Amerika’ya baktığımızda Capital One, “Capital One Café” adı altında şubelerin­de kahve ve finansal danışmanlık hizmeti­ni birleştirerek sosyal bir alan yarattı. Keza Asya’da da Singapur'daki DBS Bank, şube­lerini yüksek teknolojili deneyim merkez­lerine dönüştürdü. Bu merkezlerde sanal gerçeklik ve yapay zekâ kullanılarak müş­terilere yenilikçi çözümler sunuluyor.

Fiziksel bankacılık deneyimlerinin gele­ceğine baktığımızda, dijital ve fiziksel dün­yaların bir arada olduğu, “fijital” olarak da tanımlayabileceğimiz hibrit modellerin ön plana çıkacağını görüyoruz. İnsanlar, fi­nansal kararlar alırken güven ve empatiye ihtiyaç duyuyor. Özellikle pandemi sonra­sı dönemde, sosyal etkileşimlerin ne kadar değerli olduğu bir kez daha ortaya çıktı. Bu nedenle fiziksel şubeler, sosyal bağ kurma ve topluluk oluşturma alanları olarak gü­nümüzde yeniden tasarlanıyor.
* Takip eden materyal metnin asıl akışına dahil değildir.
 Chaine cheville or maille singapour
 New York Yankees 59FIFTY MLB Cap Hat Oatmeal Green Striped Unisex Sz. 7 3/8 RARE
Türkiye de dijital bankacılık konusunda hızlı bir gelişim süreci içinde. Ancak fizik­sel şubelerin tamamen ortadan kalkması beklenmiyor. Bunun yerine, bankalar hem dijital hem de fiziksel hizmetleri bir arada sunabilecekleri fijital modeller üzerinde çalışıyor. Bu deneyime ortak olacak yeni ya­pılanmalar da mevcut. 2025 yılı, Türkiye’de bu tür yeniliklerin başlangıç yılı olabilir.

Bu gelişmeler, yalnızca bankacılık sektö­rünü değil, aynı zamanda toplumun finan­sal alışkanlıklarını da değiştirecektir. Gele­cek, fijital bir dünyanın kapılarını aralıyor diyebilirim. Gelişmeleri heyecanla takip ediyorum.